Exercise instructions
Copy out each line below containing "with".

Data extracts
_ _ _ _ _ _ _
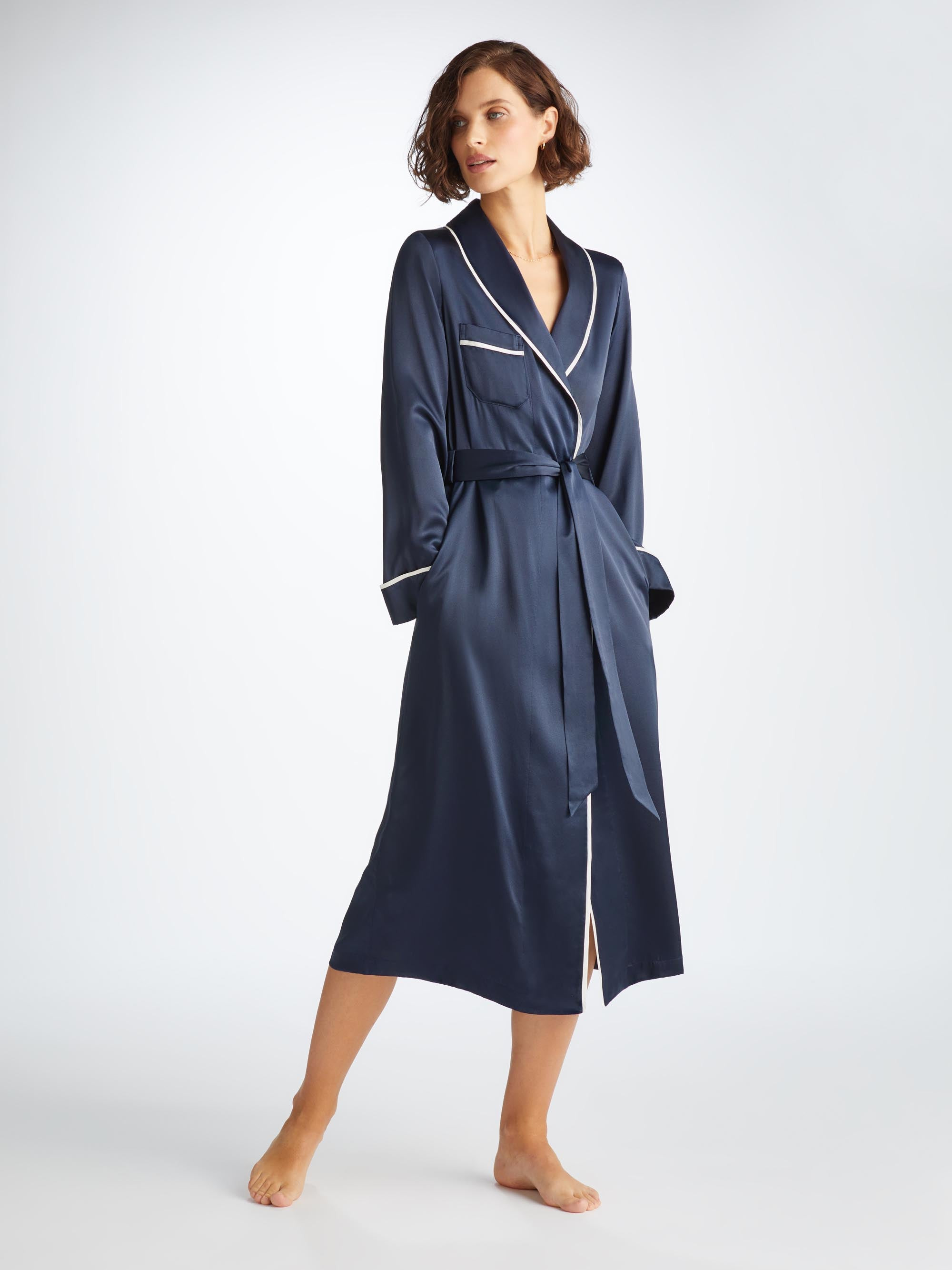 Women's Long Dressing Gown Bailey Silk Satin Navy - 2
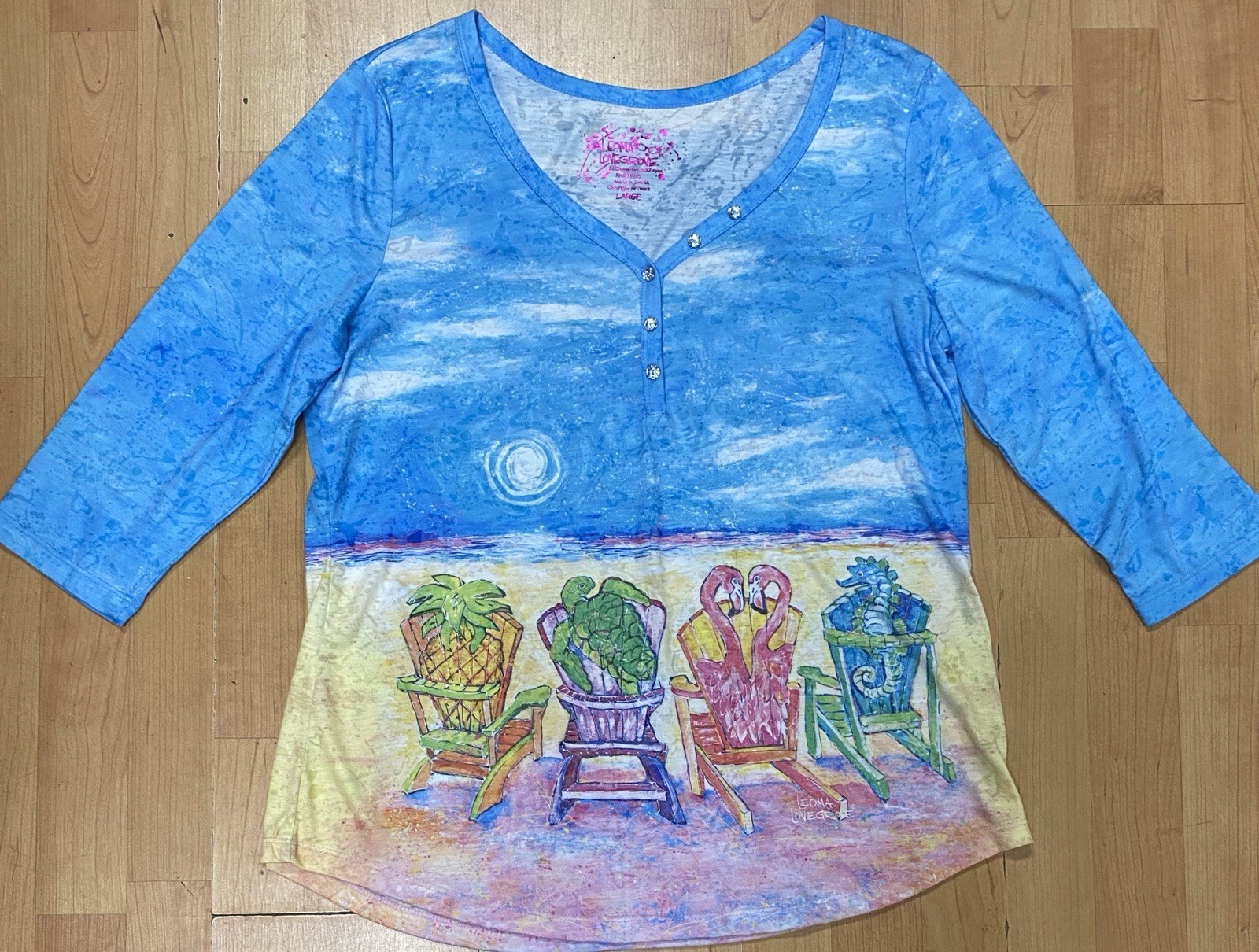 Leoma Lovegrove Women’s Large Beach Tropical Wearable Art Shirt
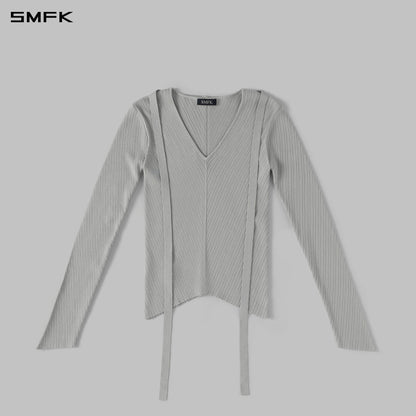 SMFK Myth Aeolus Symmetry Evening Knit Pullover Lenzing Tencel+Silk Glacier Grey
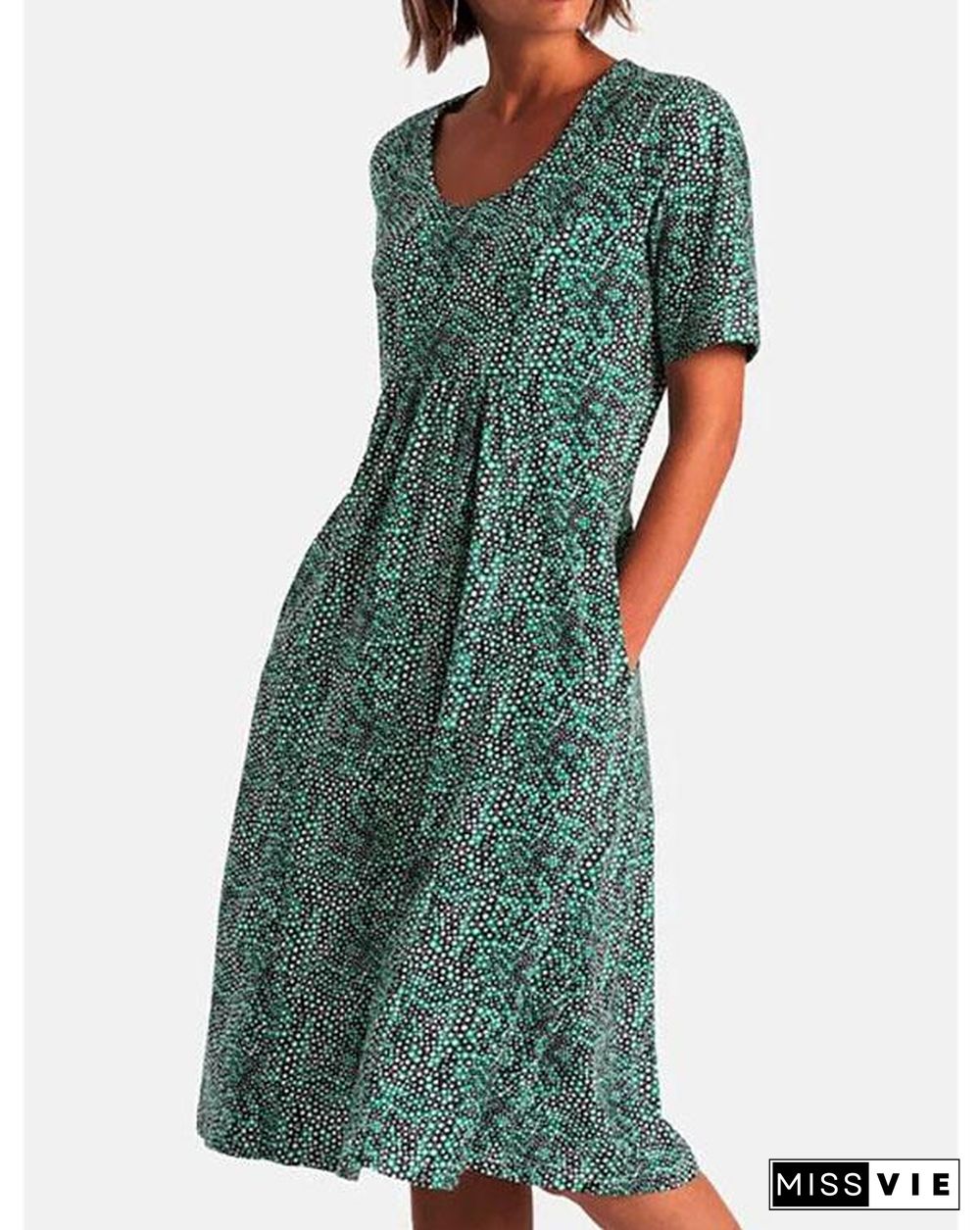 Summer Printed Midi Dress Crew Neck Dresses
_ _ _ _ _ _ _
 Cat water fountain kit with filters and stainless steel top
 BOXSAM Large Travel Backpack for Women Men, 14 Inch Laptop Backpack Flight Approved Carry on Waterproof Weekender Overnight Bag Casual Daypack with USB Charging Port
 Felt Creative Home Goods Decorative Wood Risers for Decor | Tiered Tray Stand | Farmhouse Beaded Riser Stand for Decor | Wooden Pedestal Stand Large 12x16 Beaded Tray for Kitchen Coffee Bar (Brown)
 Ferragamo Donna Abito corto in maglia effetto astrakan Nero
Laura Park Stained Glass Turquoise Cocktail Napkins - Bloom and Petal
_ _ _ _ _ _ _
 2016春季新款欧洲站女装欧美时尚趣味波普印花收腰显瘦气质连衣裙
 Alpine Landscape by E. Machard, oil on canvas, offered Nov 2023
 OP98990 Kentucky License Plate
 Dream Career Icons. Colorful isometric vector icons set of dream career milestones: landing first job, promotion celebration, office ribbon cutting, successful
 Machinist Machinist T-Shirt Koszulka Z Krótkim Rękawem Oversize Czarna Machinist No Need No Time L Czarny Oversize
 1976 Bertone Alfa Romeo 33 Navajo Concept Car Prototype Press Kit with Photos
_ _ _ _ _ _ _
Exercise answer
 Cat water fountain kit with filters and stainless steel top
 BOXSAM Large Travel Backpack for Women Men, 14 Inch Laptop Backpack Flight Approved Carry on Waterproof Weekender Overnight Bag Casual Daypack with USB Charging Port
 1976 Bertone Alfa Romeo 33 Navajo Concept Car Prototype Press Kit with Photos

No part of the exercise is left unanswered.